Paper: https://wg21.link/p0876r22

342 points (82% upvoted)

sorted by: best

▲ ▼

u/AutoModerator 1 point 5 hr. ago pinned comment

Reminder: be civil. Paper authors sometimes read these threads. If you haven't read the paper, consider doing so before commenting on the design.

Reply Share Report

▲ ▼

u/async_plumber 97 points 4 hr. ago 🏆

I work on an async networking stack built on Boost.Fiber, and this is the comment I've been waiting to write for about five years.

The paper barely touches what I think is the strongest argument for fiber_context: P4003R0 and P4007R0 laid out the coroutine frame allocation problem for async I/O. Every coroutine in an I/O call chain has a frame that can't be HALO-optimized because the operation's lifetime outlives the caller. So you need a custom allocator, threaded through every single coroutine in the chain via a thread_local write-through cache.

With fibers? The stack pointer IS your allocator. Decrement to allocate, increment to deallocate. Zero overhead frame management. We switched from a coroutine-based I/O model to folly::fibers at $employer three years ago and saw measurable latency improvements at p99 just from eliminating coroutine frame allocation churn.

The resume() taking 11 cycles claim checks out in our benchmarks on x86_64. That is comparable to a virtual function call. But the elephant in the room is the per-fiber exception state mandate from St. Louis - EWG voted 6/8/3/0/0 to require it. Has anyone actually measured what that costs on top of the 11 cycles?

Real link for the curious: github.com/boostorg/context - this is what the proposed API is modeled on.

Edit: to be clear, the 11 cycles number is from Boost.Context WITHOUT per-fiber exception state. The paper proposes mandating it but doesn't benchmark the delta. That's the thing I want to see.

Reply Share Report Save

▲ ▼

u/fiber_skeptic_2024 54 points 3 hr. ago

This is a great summary of the allocation argument, but you've buried the lede in your own edit. The 11 cycles number is meaningless for evaluating the proposal because the proposal mandates something that isn't measured in those 11 cycles.

Per-fiber exception state means on every resume() or resume_with() you have to save and restore the data underlying std::uncaught_exceptions() and std::current_exception(). The paper describes two strategies: (1) save/restore TLS on every switch, or (2) use upper_bound() on current stack pointer to look up which fiber is current. Strategy 1 adds a TLS read+write on every switch. Strategy 2 shifts cost to every exception query.

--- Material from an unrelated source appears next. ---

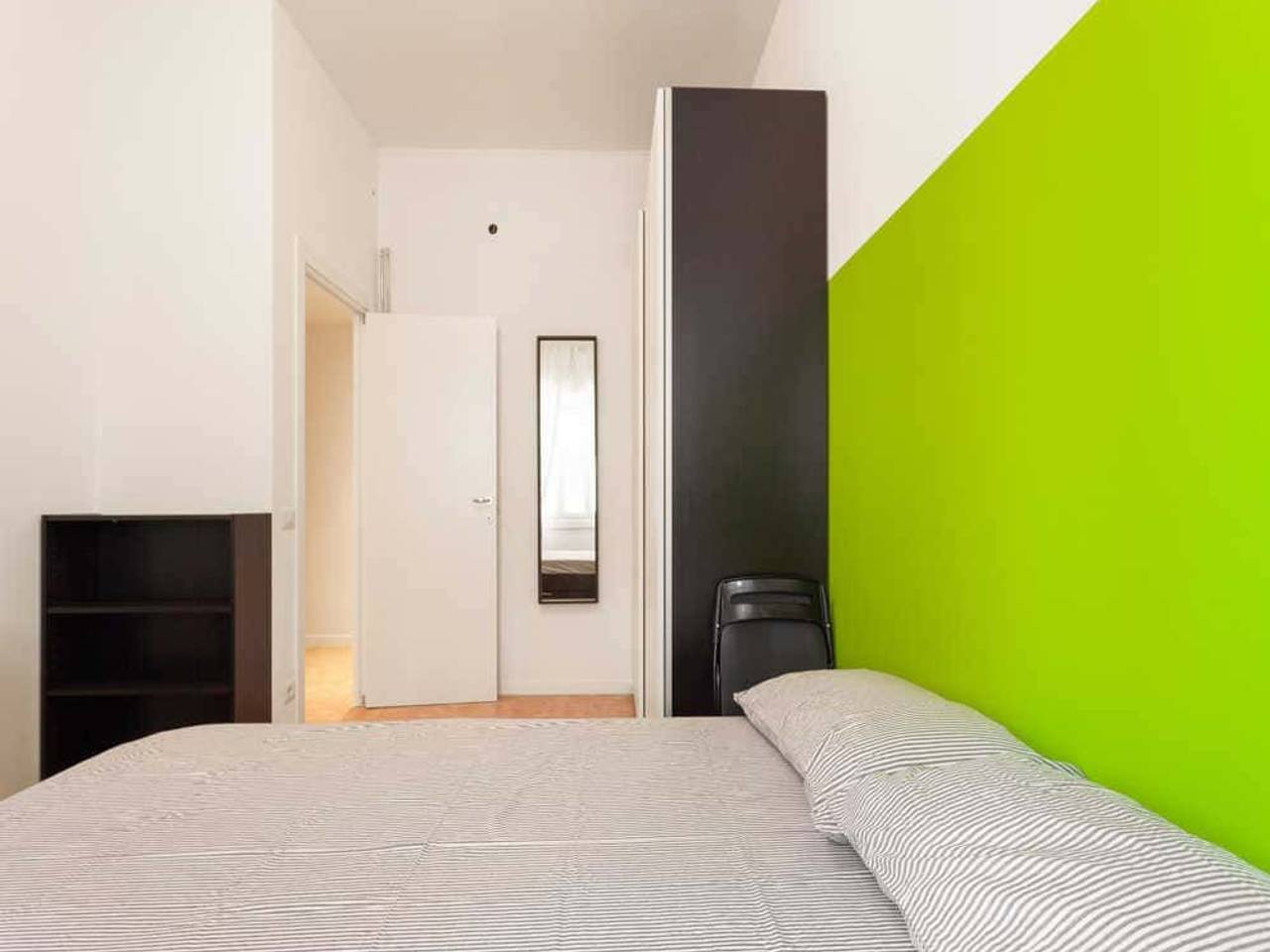 negozio in affitto a Milano in zona Lorenteggio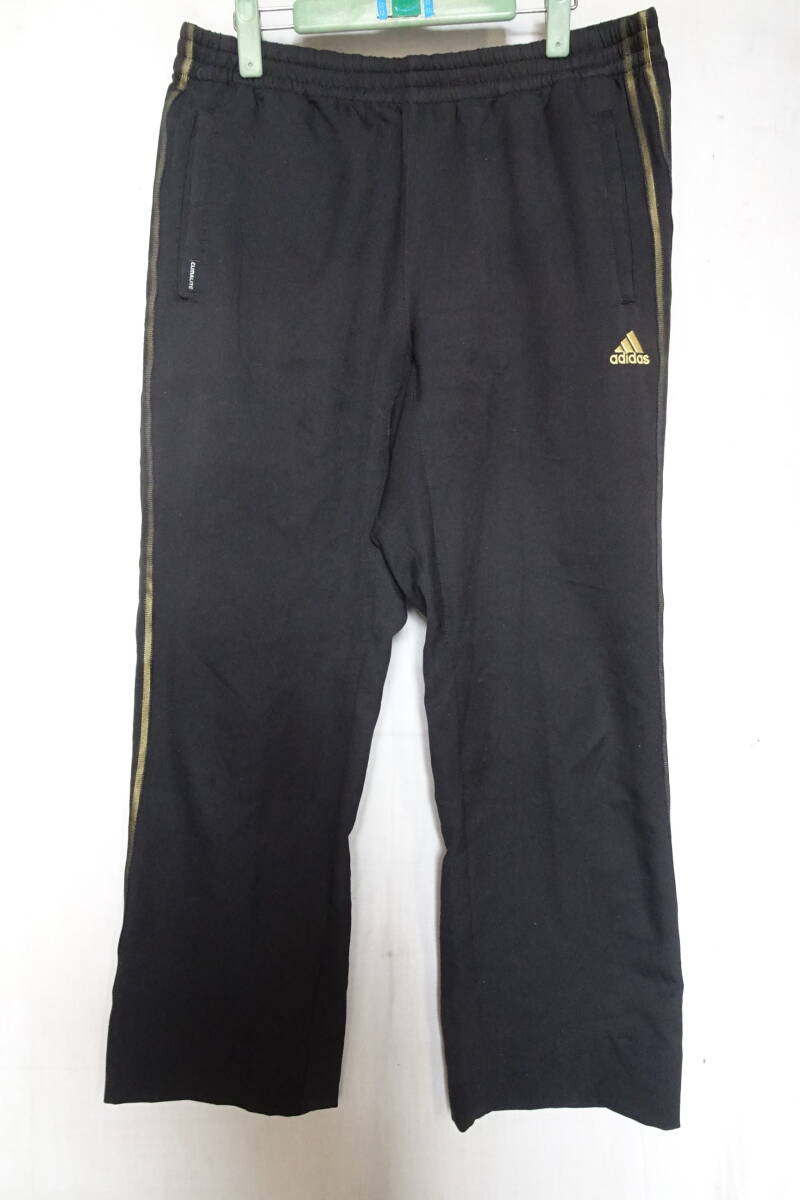adidas/アディダス/トラック長パンツ/ジャージ素材/脇ゴールド3本ラインテープ/ロゴししゅう/スポーツ/黒/ブラック/XOサイズ(9/9R7)拍卖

What's the actual number? 15 cycles? 30? 100 on Windows with SEH? The paper doesn't say.

Reply Share Report

▲ ▼

u/async_plumber 38 points 3 hr. ago

Fair point. In our testing with the Boost.Context patch that Nat presented in Wroclaw, the TLS save/restore strategy adds roughly 3-5ns per switch on libstdc++/Linux. So call it 20-25 total cycles on a modern Xeon. Still well under a microsecond, still orders of magnitude cheaper than a kernel context switch.

Whether that's acceptable depends on your workload. For us doing network I/O where each operation already takes microseconds minimum, it's noise. For someone doing millions of fiber switches per second on a hot HFT path, maybe not.

Reply Share Report

▲ ▼

u/fiber_skeptic_2024 29 points 2 hr. ago

3-5ns on libstdc++/Linux is the optimistic case though. Gor Nishanov's feedback in February 2025 specifically flagged Windows/SEH as the concern. The MSVC exception model ties exception state to the stack in a fundamentally different way than Itanium ABI.

And "possible while expressing concern about potential performance" from the paper is doing a LOT of heavy lifting. What does "concern about potential performance" mean when it's Microsoft talking about their own runtime?

Reply Share Report

▲ ▼

u/async_plumber 22 points 2 hr. ago

Yeah, the Windows story is genuinely different. SEH is stack-frame-based, and fibers create new stacks. I don't think anyone is claiming the cost is identical across platforms.

But here's the thing - without per-fiber exception state, you get the Appendix A/B/C horrors. std::current_exception() returns the wrong exception. throw; rethrows something from a completely different fiber. Those aren't hypothetical - the paper has working demonstrations of the breakage.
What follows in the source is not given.